1854-09-02, de  Delacroix, Eugène à  Forget, Joséphine de.

Chère amie,

Je vous remercie beaucoup de m’avoir répondu aussi exactement1 : je ne méritais pas cette attention ; mais j’étais en l’air pour ainsi dire et dans la situation d’esprit où je me trouve presque toujours quand j’arrive dans un endroit : c’est ordinairement le moment où je m’ennuie le plus, et cet ennui me prend tellement à la gorge qu’il me rend incapable de dessiner, d’écrire et presque de remuer : je voudrais pour ainsi dire rester couché toute la journée. Je m’ennuie horriblement de ne rien faire, et cependant je ne peux rien faire pour sortir de cette torpeur. Le roman de Dumas que j’ai loué m’a distrait d’abord, et ensuite les parties insupportables qu’il mêle aux endroits amusants m’ont fait chérir les distractions que je pouvais trouver tout seul, et à présent je suis intéressé quand je travaille, et je ne m’ennuie pas quand je ne fais rien. Les journées se trouvent remplies doucement, et le matin je recommence avec un nouveau plaisir. Je me lève de très-bonne heure, preuve que je ne trouve pas le temps long et que je ne suis pas embarrassé de ma journée. J’ai trouvé par hasard une ressource précieuse, pour certains moments, dans la rencontre que j’ai faite sur la plage de mon camarade Chenavard, le peintre. C’est un homme de beaucoup d’esprit et qui a une vraie conversation. Nous n’abusons pas l’un de l’autre, et cela renouvelle les sensations.

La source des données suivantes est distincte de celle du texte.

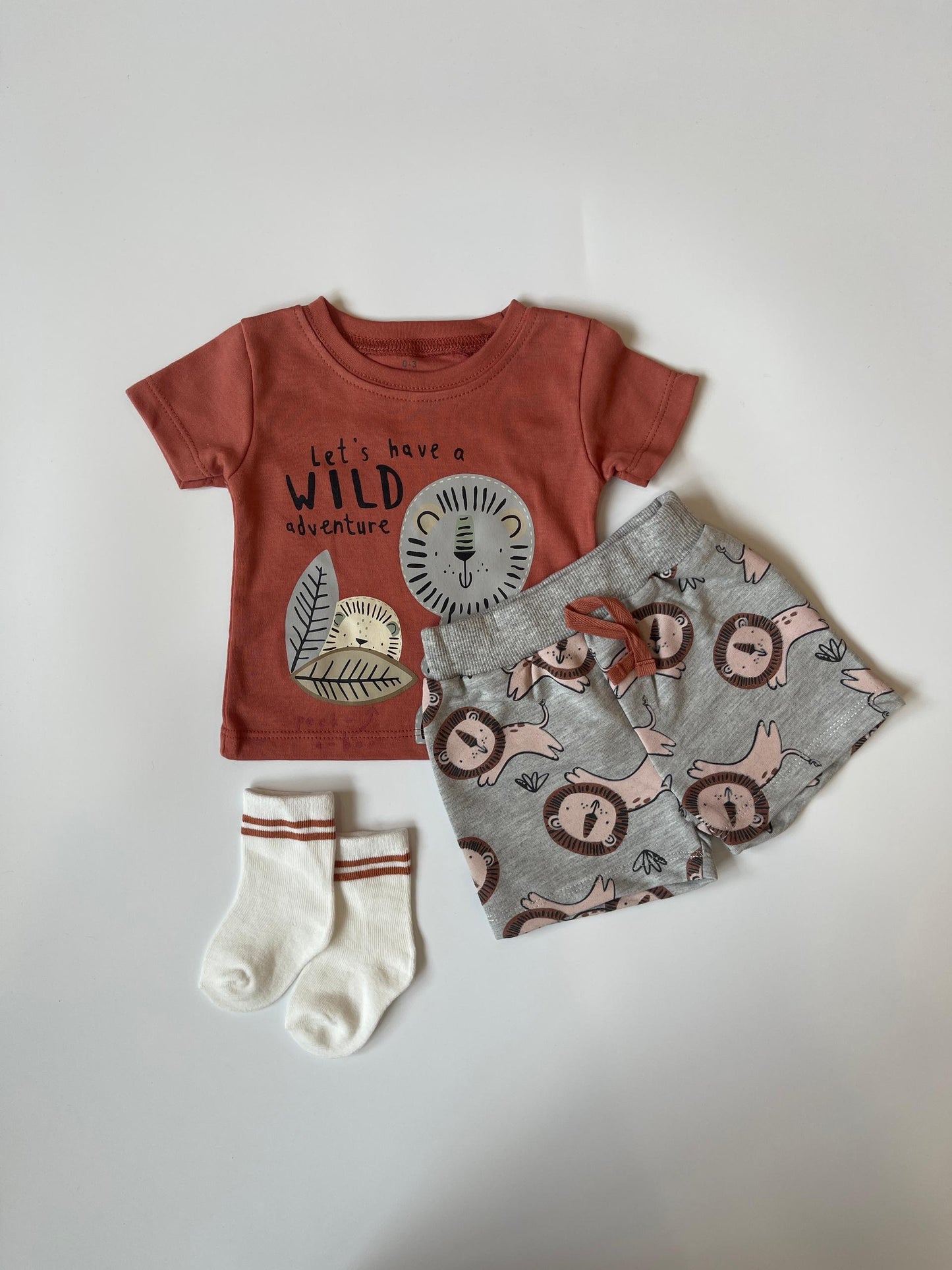 Baby Boy Adventure Playdate Set [0-3M - 12-18M]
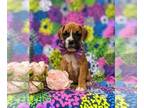Boxer PUPPY FOR SALE ADN-419450 - Adorable AKC Boxer Puppy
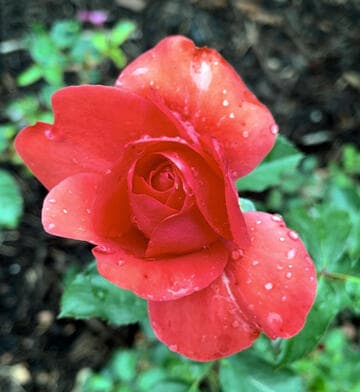 Rosa 'Grand Canyon'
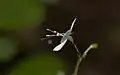 A. acuminatum in a subtropical rainforest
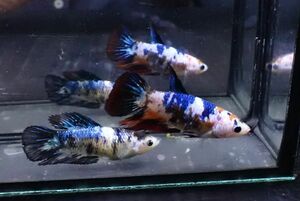 98<water-flap> betta female half moon Galaxy 2 pcs set 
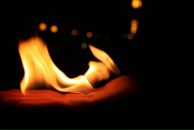 Фотография Сафонова Святослава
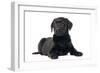 Black Labrador Puppy in Studio-null-Framed Photographic Print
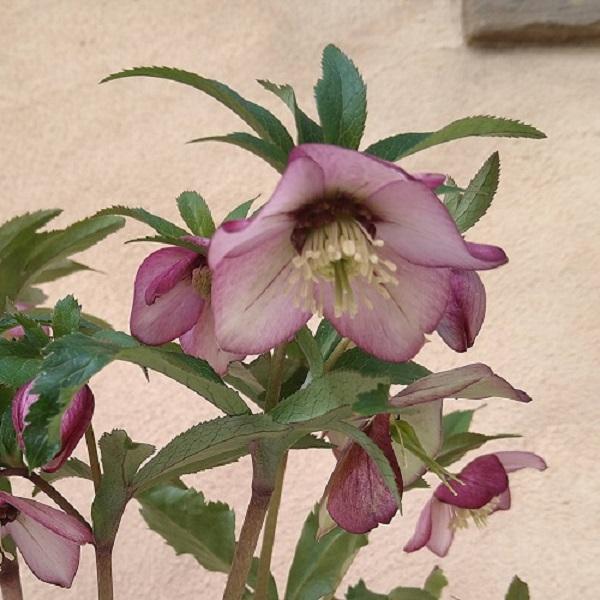 花の蜜管部にダークネクタリー系の色が入る、花色リバーシブルタイプです。小輪で沢山花を咲かせ、丸みのある花弁が可愛い品種です。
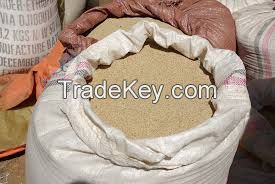 TEFF GRAINS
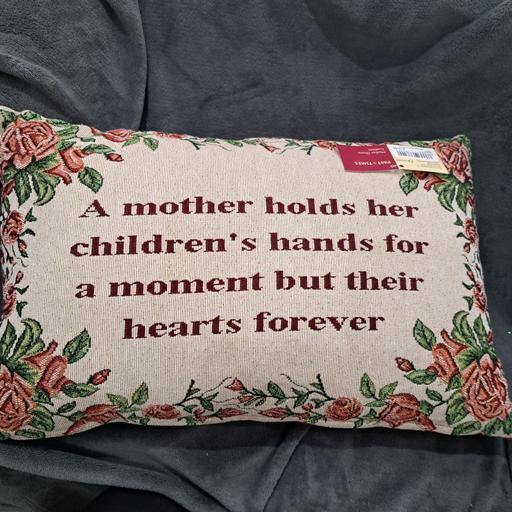 Buy & Sell Four Oaks Birmingham - Photos for Past Times tapestry pillow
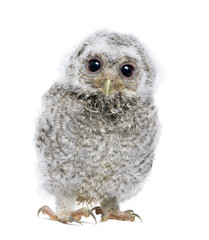 Naklejka premium front view of a owlet looking at the camera - Athene noctua (4 w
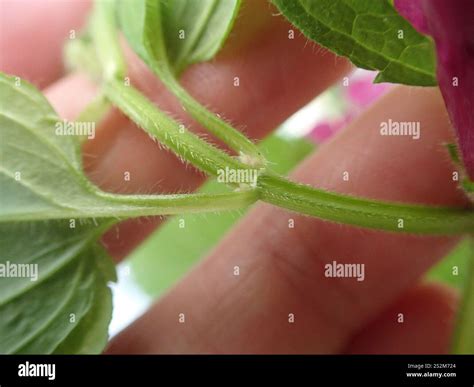 Coastal Hedge Nettle Stachys Chamissonis Stock Photo Alamy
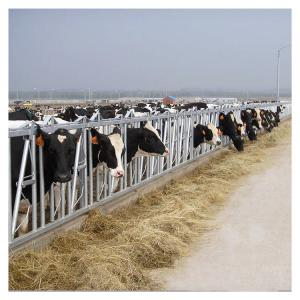 China 1.2m/Cow Cow Head Lock wholesale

Cet endroit offre toutes sortes de ressources ; comme cette ville est grande comme la main, vous êtes tout de suite dans la campagne et il y a des environs charmants : je ne parle pas de la mer et du mouvement des navires, qui est la grande affaire2. En outre, on trouve tout ce qu’on veut comme dans une grande ville, et vous voyez qu’on peut aussi se tenir à l’écart et ne pas se laisser dévorer par les inutiles ; point d’affaires pour couronner le tout, point de visites à rendre, point d’obligation d’aucune espèce. Voilà, pour quelque temps au moins, une bonne manière de passer ses instants pour un homme qui veut se reposer sans s’ennuyer.

Je calcule toujours que je reviendrai vers le 20, etc.